- [Exercise details] In the entries that follow, find the line containing "GURIRI (Allagoptera arenaria)"; from there, copy every line exactly through the line containing "close up of".

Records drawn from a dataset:
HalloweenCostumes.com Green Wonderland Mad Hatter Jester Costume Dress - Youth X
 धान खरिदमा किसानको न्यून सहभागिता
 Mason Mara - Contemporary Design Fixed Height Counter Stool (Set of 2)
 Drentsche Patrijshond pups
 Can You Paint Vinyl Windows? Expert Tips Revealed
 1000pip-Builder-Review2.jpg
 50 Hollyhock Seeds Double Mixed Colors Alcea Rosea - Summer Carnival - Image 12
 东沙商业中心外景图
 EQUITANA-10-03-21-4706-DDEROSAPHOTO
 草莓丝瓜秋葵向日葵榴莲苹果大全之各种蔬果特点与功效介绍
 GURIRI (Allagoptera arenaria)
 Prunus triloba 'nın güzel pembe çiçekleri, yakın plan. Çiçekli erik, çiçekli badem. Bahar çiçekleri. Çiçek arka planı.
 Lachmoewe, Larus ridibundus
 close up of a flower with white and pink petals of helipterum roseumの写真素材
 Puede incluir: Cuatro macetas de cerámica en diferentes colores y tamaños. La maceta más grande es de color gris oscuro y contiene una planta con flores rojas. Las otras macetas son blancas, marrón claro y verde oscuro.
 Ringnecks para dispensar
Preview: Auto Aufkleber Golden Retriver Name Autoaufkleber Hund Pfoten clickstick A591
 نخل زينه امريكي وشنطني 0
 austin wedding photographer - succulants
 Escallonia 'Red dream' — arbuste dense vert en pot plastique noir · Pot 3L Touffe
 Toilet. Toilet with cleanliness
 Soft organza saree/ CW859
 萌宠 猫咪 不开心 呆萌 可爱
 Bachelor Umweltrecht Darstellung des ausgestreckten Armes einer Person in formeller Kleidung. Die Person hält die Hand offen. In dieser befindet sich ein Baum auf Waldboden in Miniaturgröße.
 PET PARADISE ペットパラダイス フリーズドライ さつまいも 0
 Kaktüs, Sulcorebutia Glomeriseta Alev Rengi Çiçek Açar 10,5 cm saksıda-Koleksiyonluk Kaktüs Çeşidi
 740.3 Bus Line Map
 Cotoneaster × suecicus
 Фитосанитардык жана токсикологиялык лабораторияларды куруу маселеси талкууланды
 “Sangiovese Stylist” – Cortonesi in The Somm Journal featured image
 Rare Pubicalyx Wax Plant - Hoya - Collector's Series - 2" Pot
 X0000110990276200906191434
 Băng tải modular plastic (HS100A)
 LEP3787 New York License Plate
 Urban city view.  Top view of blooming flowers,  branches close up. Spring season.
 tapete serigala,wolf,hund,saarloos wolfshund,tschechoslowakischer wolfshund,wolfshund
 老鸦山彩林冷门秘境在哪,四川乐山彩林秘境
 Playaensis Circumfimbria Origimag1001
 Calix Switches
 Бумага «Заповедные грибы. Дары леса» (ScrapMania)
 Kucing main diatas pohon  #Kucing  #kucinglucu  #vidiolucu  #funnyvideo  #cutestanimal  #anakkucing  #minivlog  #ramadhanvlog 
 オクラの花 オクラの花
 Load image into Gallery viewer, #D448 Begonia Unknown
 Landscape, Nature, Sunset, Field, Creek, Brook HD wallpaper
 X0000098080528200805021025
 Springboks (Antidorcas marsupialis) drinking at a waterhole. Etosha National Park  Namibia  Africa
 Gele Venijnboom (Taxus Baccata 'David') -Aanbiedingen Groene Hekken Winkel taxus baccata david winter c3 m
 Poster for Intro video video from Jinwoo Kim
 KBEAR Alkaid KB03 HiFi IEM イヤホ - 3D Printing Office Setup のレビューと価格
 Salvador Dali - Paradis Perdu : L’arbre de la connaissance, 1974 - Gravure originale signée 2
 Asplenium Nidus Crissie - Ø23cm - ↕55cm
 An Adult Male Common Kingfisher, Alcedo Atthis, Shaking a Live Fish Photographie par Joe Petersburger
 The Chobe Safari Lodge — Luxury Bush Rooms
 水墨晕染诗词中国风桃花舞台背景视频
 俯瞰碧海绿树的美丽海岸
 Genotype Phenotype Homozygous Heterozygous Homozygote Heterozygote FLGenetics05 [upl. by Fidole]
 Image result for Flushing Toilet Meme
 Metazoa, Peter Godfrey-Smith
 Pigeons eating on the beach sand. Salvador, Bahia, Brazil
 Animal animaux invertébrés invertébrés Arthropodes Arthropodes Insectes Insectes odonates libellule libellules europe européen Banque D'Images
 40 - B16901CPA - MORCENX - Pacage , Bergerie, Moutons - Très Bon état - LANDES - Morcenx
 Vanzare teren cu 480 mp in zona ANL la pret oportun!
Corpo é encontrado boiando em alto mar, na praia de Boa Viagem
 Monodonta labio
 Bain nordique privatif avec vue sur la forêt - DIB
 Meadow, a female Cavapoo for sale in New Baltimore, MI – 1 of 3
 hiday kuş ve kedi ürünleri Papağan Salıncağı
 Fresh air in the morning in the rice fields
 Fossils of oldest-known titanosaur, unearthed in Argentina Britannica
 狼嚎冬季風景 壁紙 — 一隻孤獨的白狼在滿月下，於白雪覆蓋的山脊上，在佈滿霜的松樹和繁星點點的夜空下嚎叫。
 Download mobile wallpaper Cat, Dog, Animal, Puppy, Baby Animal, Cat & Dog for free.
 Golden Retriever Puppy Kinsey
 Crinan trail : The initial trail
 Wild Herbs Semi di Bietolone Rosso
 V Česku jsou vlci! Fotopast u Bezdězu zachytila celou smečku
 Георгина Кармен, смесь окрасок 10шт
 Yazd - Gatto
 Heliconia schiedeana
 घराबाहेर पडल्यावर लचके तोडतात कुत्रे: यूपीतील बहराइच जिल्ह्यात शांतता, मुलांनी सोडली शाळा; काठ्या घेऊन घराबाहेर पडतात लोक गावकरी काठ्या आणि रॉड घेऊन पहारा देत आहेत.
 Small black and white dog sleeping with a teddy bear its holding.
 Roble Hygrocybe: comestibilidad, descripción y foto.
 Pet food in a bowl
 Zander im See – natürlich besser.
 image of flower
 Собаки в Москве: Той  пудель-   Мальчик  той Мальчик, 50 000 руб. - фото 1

- [Result of the exercise]
 GURIRI (Allagoptera arenaria)
 Prunus triloba 'nın güzel pembe çiçekleri, yakın plan. Çiçekli erik, çiçekli badem. Bahar çiçekleri. Çiçek arka planı.
 Lachmoewe, Larus ridibundus
 close up of a flower with white and pink petals of helipterum roseumの写真素材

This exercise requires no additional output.